ALLISON AUBREY, BYLINE: Early last year, one of the most comprehensive studies ever done pointed to evidence that teens who vape nicotine can experience increased coughing, wheezing and other short-term effects, such as asthma exacerbations. Now researchers are beginning to pin down the potential long-term risks. The new study finds that e-cigarettes are linked to an increased risk of chronic lung disease.
Stan Glantz, a professor of medicine at UC San Francisco, and his collaborators assessed data from a study of about 30,000 people, including smokers and people who vape.
STAN GLANTZ: We started out with people who didn't have any diagnosis of respiratory disease, and then we followed them forward in time for three years. And we said, is there an association between e-cigarette use and new respiratory disease?
AUBREY: During that time, people who used combustible products, such as cigarettes, had more than double the risk of being diagnosed with a respiratory disease, which is not surprising. But the more novel finding is that e-cigarettes had an independent effect. People in the study who only used e-cigarettes had about a 30% higher risk of developing chronic conditions, such as COPD, chronic bronchitis, emphysema or asthma. Glantz says the risks appear to be highest among adults who both vape and smoke, which often happens when people turn to vaping in an attempt to quit smoking but then aren't able to completely give up cigarettes.

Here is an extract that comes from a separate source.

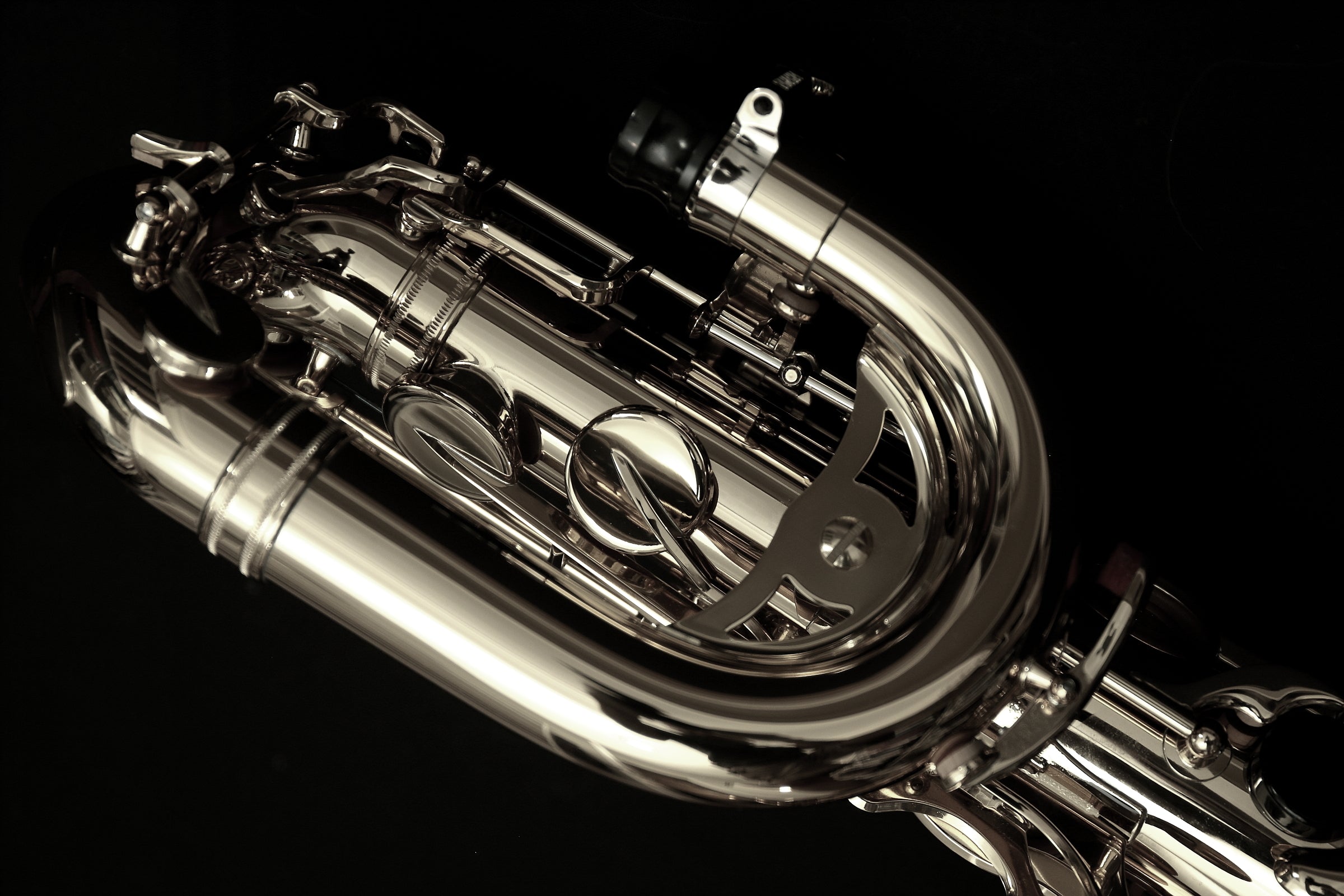 Silver Plates Instrument Yamaha YBS-82S Silver-plated Custom Baritone Saxophone – BrassBarn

GLANTZ: If you are a dual user - that is, if you're using cigarettes and e-cigarettes at the same time - these two risks multiply.

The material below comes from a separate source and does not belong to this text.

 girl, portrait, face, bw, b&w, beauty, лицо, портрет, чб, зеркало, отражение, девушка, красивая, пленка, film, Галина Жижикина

AUBREY: Given that e-cigarettes are relatively new, the long-term effects of vaping are just beginning to be understood, says Robert Tarran of the University of North Carolina, Chapel Hill. He says this study offers important evidence.
ROBERT TARRAN: I think it's fair to say that the new study adds to the body of evidence saying vaping e-cigarettes is harmful to the lungs.

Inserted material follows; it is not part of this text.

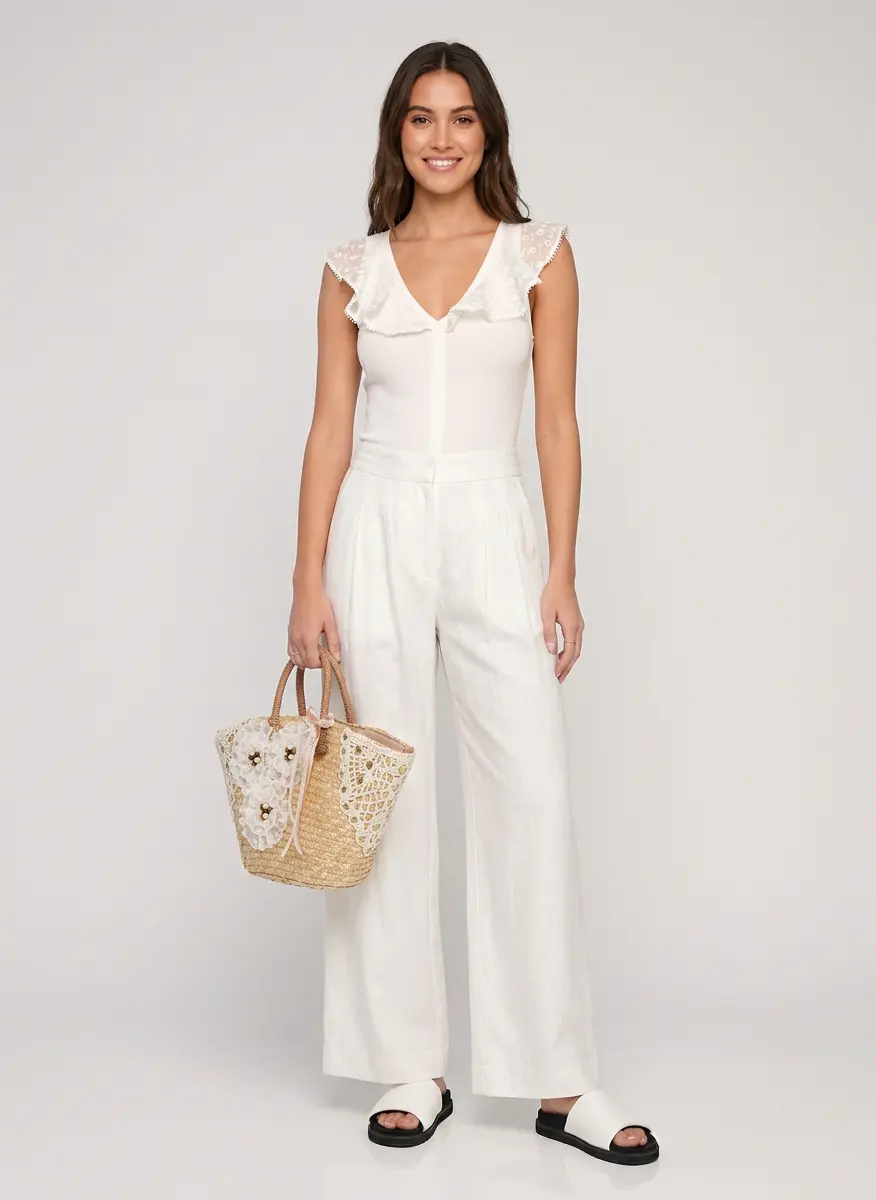 Linen Shores Minimalist Set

AUBREY: It seems that e-cigarettes can harm the lungs in multiple ways. Vaping can lead to inflammation and tamp down immune defenses.
TARRAN: Vaping can do a lot to the lungs, so it can change inflammatory processes. And it actually seems to cause immunosuppression, so it leaves people more prone to infection.
AUBREY: He says it's not just the nicotine. There are other ingredients, including propylene glycol, glycerin and flavoring compounds, that may lead to harmful effects when heated and inhaled. Despite these risks, many argue that e-cigarettes still have a role to play in trying to help smokers reduce the risk of lung disease. Amy Fairchild is dean of the College of Public Health at The Ohio State University.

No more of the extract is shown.